Ren, that sounds like a great gathering and I would love to attend, unfortunately I am located too far away. If we hear of any major disturbances in the central Florida area we'll all know it was just a bunch of machinists that got out of hand :big: :big:

BC1
Jim


----------



## namonllor (Jun 17, 2009)

Well Jim,
I sure wish some old timers could make it, guys who've been there and done that. If not, we'll figure it out and still make a time of it, I'm sure.....
Be well,
Ren


----------



## fla Jim (Jun 17, 2009)

I'm looking forward to getting together.


----------



## namonllor (Jun 17, 2009)

Excellent Jim, so am I.
Ren


----------



## GailInNM (Jun 17, 2009)

Ren,
Best wishes on locating nearby members. It sure makes it more fun.

Something that will help you and others is to put your approximate location either in your signature line or under your avatar. Many people will not go to your profile to see where you are located on a routine basis.

Here are two threads that discuss it a little bit and tell how to do it for those who don't know. It really is a big help.

http://www.homemodelenginemachinist.com/index.php?topic=5083.0
http://www.homemodelenginemachinist.com/index.php?topic=2858.0

Best wishes and welcome to HMEM.  wEc1

Gail in NM,USA


----------



## fla Jim (Jun 17, 2009)

I'm still figuring the ins and outs of this site.
But I managed to follow instructions and add my location. ;D


----------



## namonllor (Jun 17, 2009)

I'm tryin' to figure it out. Hopefully it worked...
Ren


----------



## GailInNM (Jun 17, 2009)

Thanks for adding your location Jim and Ren,
It's mostly for your benefit, but it helps us all.

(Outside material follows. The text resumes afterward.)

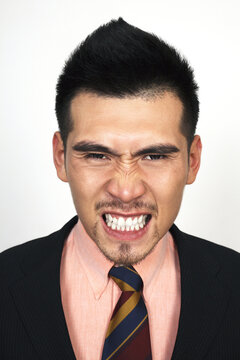 Angry businessman clenching teeth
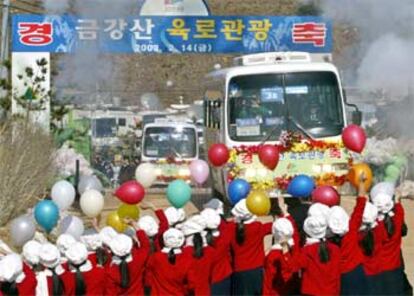 Estudiantes norcoreanos dan la bienvenida a los autobuses con 400 turistas que han cruzado desde el sur.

And a hearty welcome to HMEM to you also Fla Jim.  wEc1

I know the two of you and any others you scare up will have fun at your get together.

Gail in NM,USA


----------



## namonllor (Jun 19, 2009)

Okay guys, I got a call from a gentelman in Inverness who would like to meet with us but feels it's too far a trip to Lakeland.
How would you guys like to meet in Inverness?
Ren


----------



## fla Jim (Jun 20, 2009)

Inverness would work for me.
What's the address?


----------



## namonllor (Jun 23, 2009)

Paul Clark
663 S. Covelake Terrace
Inverness, Fl. 34450


----------



## fla Jim (Jun 24, 2009)

I pretty much know right where that's at. I used to do maintenance on a sewer and water plant over on Gospel Island that's close by.


----------



## namonllor (Jun 28, 2009)

I've got to say, I had a great time getting to meet you guys and spending some time with you.
It was magnificantly balanced, educational, light hearted, friendly and that's exactly what I was hoping for.
It was neat to get to see Pauls engines up close and personal. After lunch, we went back to his place, as he wanted to show me some more of his engines and some books he really recomends for the home machinist. Man, this guy does some really nice work and I hope that someday I can make as engines nicely as he does. 
Jim, and Shad, thanks for the explanation on the use of the dividing head. It was invaluable info and I beleive I've now got a handel on its use. Also Jim, thanks for bringing Roy along, between the both of you, you guys are a rip to be around. Too funny.
I'm going to give Paul a call later on today to once again thank him for the oppertunity to see his shop and engines and to let him know that we all appreciated his effort. I hope that the next time we meet, whereever it will be, that he finds it in him to join us.
I've got everyone's contact info so if you want contact and need the information give me a shout and I'll be sure to get it to you.
Gus, again it was a pleasure and I'm sure we'll be doing this again soon.
Ren


----------